Dominique Rolin est née le 22 mai 1913 à Ixelles. Son père était bibliothécaire. Sa mère, Esther, parisienne,enseignait la diction.Un frère est né en 1915 et une soeur en 1918. Les trois enfants ont grandi dans un climat familial peu commun dont les traces apparaissent dans plusieurs romans.

Très jeune, Dominique Rolin inventait des histoires qu'elle transcrivait et illustrait. Adolescente, elle fait des études de bibliothécaire et de dessin. Elle est engagée à la bibliothèque de l'Université libre de Bruxelles où elle restera dix ans.

Elle a vingt et un ans quand une revue publie l'un de ses récits. En 1937, elle se marie et, l'an d'après, donne le jour à une petite fille, Christine (la Ma-Ta présente dans plusieurs romans). Elle achève "Les marais", en 1942 les Éditions Denoël.
En 1946 elle va s'installer à Paris où paraît déjà son troisième livre. Désormais, elle ne cessera plus d'écrire et ses romans seront édités à la cadence presque immuable d'un tous les deux ans.
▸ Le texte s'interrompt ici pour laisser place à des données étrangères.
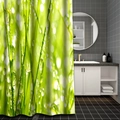 Détail d'un rideau de douche imperméable avec imprimé réaliste d'herbe verte et de rosée - 150*180cm / YS-B Herbe Verte Rosée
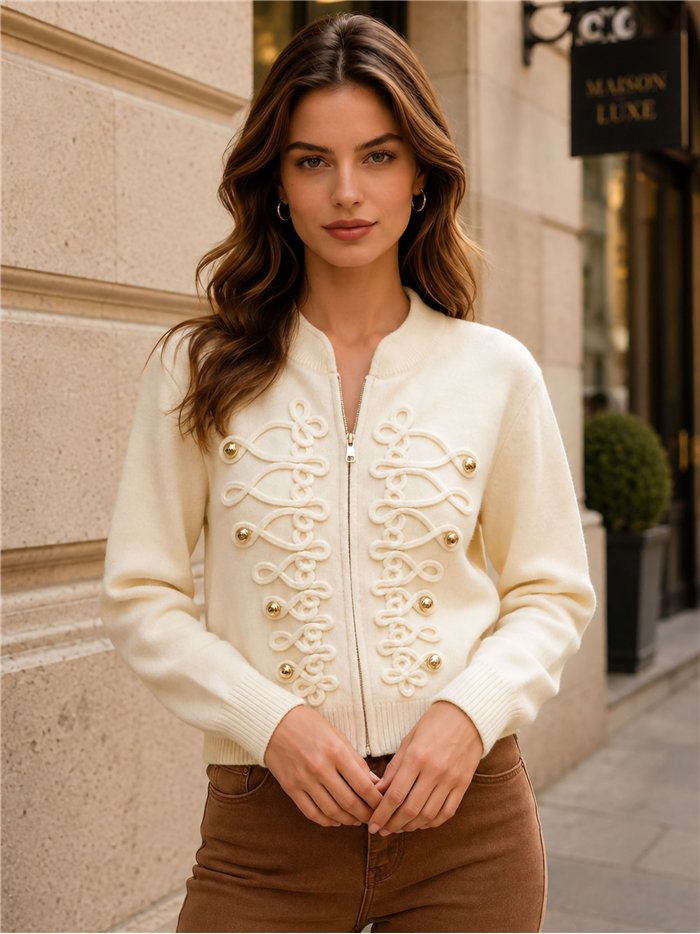 Militärstrickjacke mit Fröschen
En 1952, elle remporte le Prix Femina avec Le souffle. Ce succès lui permet d'acquérir une vaste propriété à une quarantaine de kilomètres de Paris. Elle s'y installe avec sa fille Christine et Bernard Milleret, qu'elle épouse en 1955, devenant ainsi française. En 1957, elle remporte le prix Lugné-Poe avec une pièce, "L'épouvantail". Bernard Milleret meurt en mars de cette année-là. Dominique Rolin en est cruellement blessée. Trop seule dans sa résidence campagnarde, elle revend sa maison et se réinstalle à Paris. Elle siège au jury du prix Femina.
Dès 1965, sort "Le for intérieur".

Dominique Rolin quitte en 1963 le jury du Femina et devient membre de celui du prix Roger Nimier. En 1967 avec "Maintenant", premier d'une série de neuf romans aussi étonnants par leurs qualités formelles que par la profondeur parfois austère de l'introspection à laquelle leur auteur va systématiquement se livrer. Dominique Rolin publie aussi, en 1978, un roman «hors-série» qui présente toutefois les traits caractéristiques et bien connus de son écriture. C'est "L'enragé", une biographie romancée de Breughel l'Ancien qui lui vaudra, à Bruxelles, le prix Franz Hellens.
En 1980,elle obtient le prix Kleber Haedens. En 1988, elle est élue comme membre étranger à l'Académie royale de Langue et de Littérature françaises, pour succéder à Marguerite Yourcenar. Elle y est accueillie le 22 avril 1989.



      Deux femmes un soir

Désorientée, ma fille! Elle estime qu'elle s'est laissé avoir par un afflux de sentiments standard. Elle ne maîtrise plus la situation et ça la gêne, elle se demande comment en sortir, la pauvre petite chérie. Mon strict devoir de mère est de lui rendre sa sérénité, une sérénité qui se refuse à la fatalité des effusions.
Je veux l'aider. Je vais l'aider. Je l'aide. Fions-nous aux corps. L'âme et le cœur sont des facteurs incontrôlés de décomposition. La preuve: elle a pris son air frileux rétréci. Alors, moi: «Que penses-tu de ma prothèse dentaire?»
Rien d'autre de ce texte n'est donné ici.